It’s always tempting to wrap your arms around a host of interrelated marketing tasks and programs by assigning them to specialized workgroups where they can be closely managed and monitored. One of the best examples of this is creating an in-house PR team that works autonomously from the larger marketing organization. That might create some focus on PR and perceived efficiencies, but it is not always the best way to outwardly project a company and a product line with one cohesive voice.
When evaluating the quality of the customer experience, the messages and articles that travel through the media and PR channels are an important part of the marketing mix, and must be coordinated with other non-PR campaigns to promote clarity and avoid confusion.
If PR, marketing, and customer experience (CX) teams work in isolated silos, the same motivators that originally led a prospect to become a customer can get lost. This is especially true when there is pressure to cut costs, reduce headcount, and do more with less.
Bringing PR and Marketing Closer Together
PR teams execute programs and media campaigns that try to demonstrate a company’s unique value to readers and consumers of media. Some of this might come across as more company-serving than customer serving.
Organizationally, perceptual disassociations arise between people in the PR and marketing organizations and customers – and between those organizations and their own companies. The resulting actions and campaigns, rather than being customer centric, are more likely to be perceived as attempts to rope in the customer.
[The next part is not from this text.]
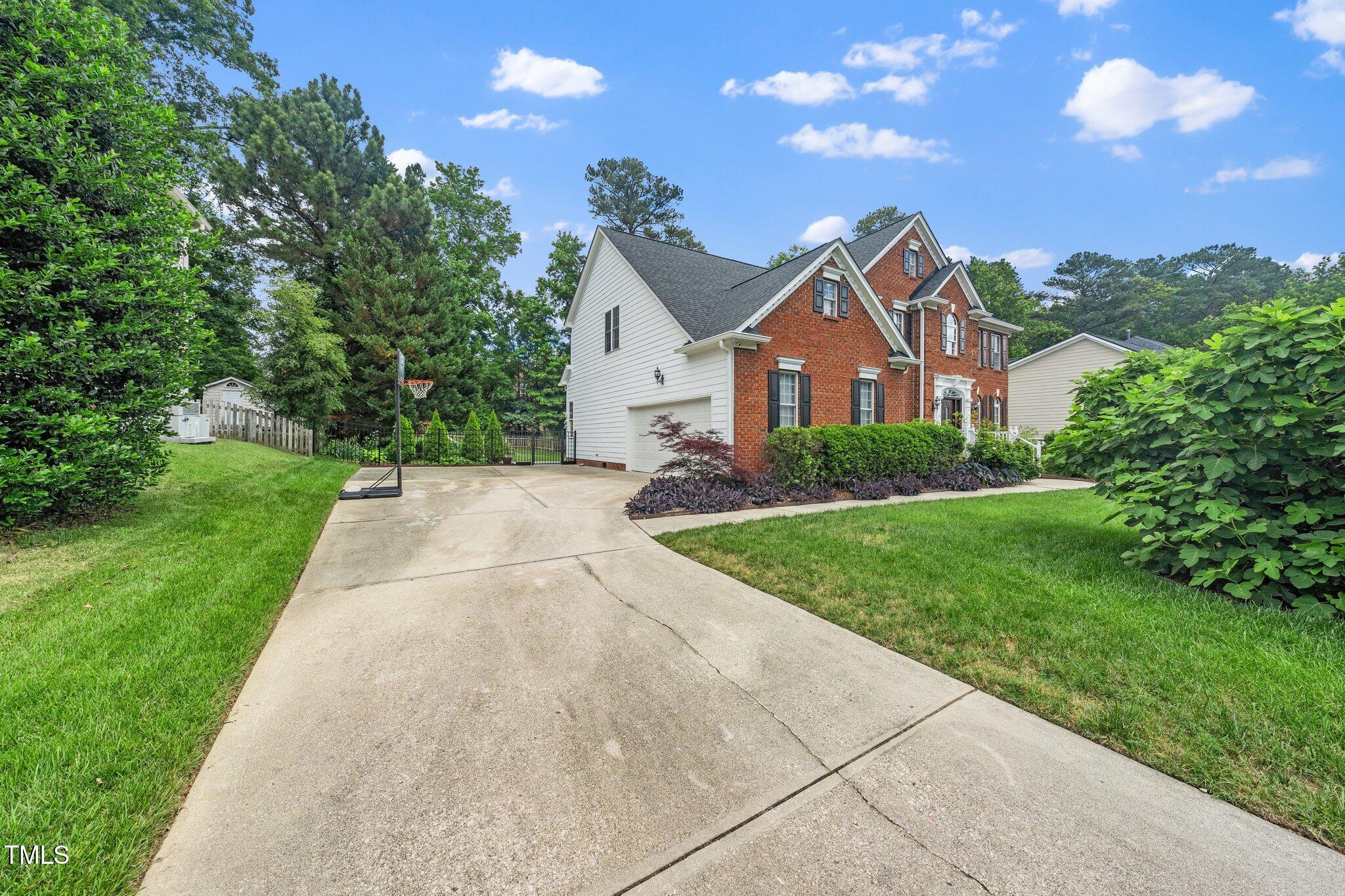 112 Sterling Ridge Way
How can PR teams and marketing organizations better concentrate their activities on customers? ClearAction™ Continuum, www.ClearAction.com, a Silicon Valley company created through the recent merger of Marketing Operations Partners and ClearActionCX, is tackling this challenge within a new category called the Customer Value Continuum™.
Addressing Customer Centricity Gaps
This vision of PR people, marketing teams, and CX professionals coming together is overdue. Research from Gartner and the CMO Council note that traditional voice of the customer and customer experience management programs fall short of expectations. Other findings from The Economist and Gartner identify trends where CMOs and marketing teams expect to own end-to-end customer experience in the near future.
What needs to change is the tendency for companies to try and get things from customers – their attention towards new product introductions, their response to PR campaigns and loyalty programs, and their feedback from customer research. The focus needs to be flipped to what customers need.
PR professionals and marketing people are skilled at creating compelling messaging, digital interactions, and live events – but these do not necessarily translate to customer centricity. Brand promise is hollow if the messages communicated through these campaigns are incongruent with the actual experience that customers receive or perceive.
In the quest to create effective PR and marketing machines, organizations tend to overvalue workflow, activity cadence, and output, above what is best for customers. Exceptions to this are scenarios where something is at risk – winning a deal, responding to a squeaky wheel, and last-ditch efforts to prevent defection.
In each of these cases, the company is forced to overcompensate for its initial self-centered behavior. Escalation is a way of life, and a symptom of not being in synch with customers in designing and executing products, processes, policies, business models, and daily decisions.
Improving Cross-Functional Interactions
Emphasis on siloed functional activities and hard skill development is the norm – and current PR and marketing spend reflect that. Soft skill development is not the only gap. In today’s lean enterprise, virtually every marketing team member is valued for producing deliverables. “Glue” roles that used to manage the interfaces and handle the responsibilities that no one else owned have vanished in many companies.
This lack of glue often translates to performance gaps, lack of critical anticipatory thinking, and leaky operations – all which degrade customer experience. The vulnerabilities in the system surface at unexpected times, creating unintended consequences, including unnecessary customer hassles.
The ClearAction Continuum is designed to help people on PR and marketing teams to be more customer centric and do the whole job, rather than just the job they know. This is even more important as companies embrace agile PR and marketing where the standard operating unit is a team. Agile team members will not be successful if they are concerned only with their own responsibilities, points of view, or MBOs. The ClearAction Value Exchange enables PR people, customer experience teams, and marketing organizations to realize the promise of customer centricity by addressing how these groups interact with critical, cross-functional stakeholders.
Modern PR and Marketing Realities
With PR and marketing spend increasingly eclipsing that of most other enterprise functions, CMOs are under greater scrutiny to act as sound fiscal stewards. PR and marketing operations are only as good as the strategy, guidance, processes, data, metrics, and people behind them. Today’s CMOs rely on marketing operations to ensure these foundational elements are in place before investing in technology solutions. In reality, the cart comes before the horse, with PR and marketing professionals forced to instill these capabilities during or even after deployment.
The ClearAction Value Exchange is purpose-built to get PR people and marketing teams out of that transactional work-flow mindset, break out of the silo trap, and be thoughtful in their due diligence as they scale operations. It helps teams advance from a narrow, lead- and pipeline-based view of success metrics and MBOs to a focus on delivery of customer lifetime value.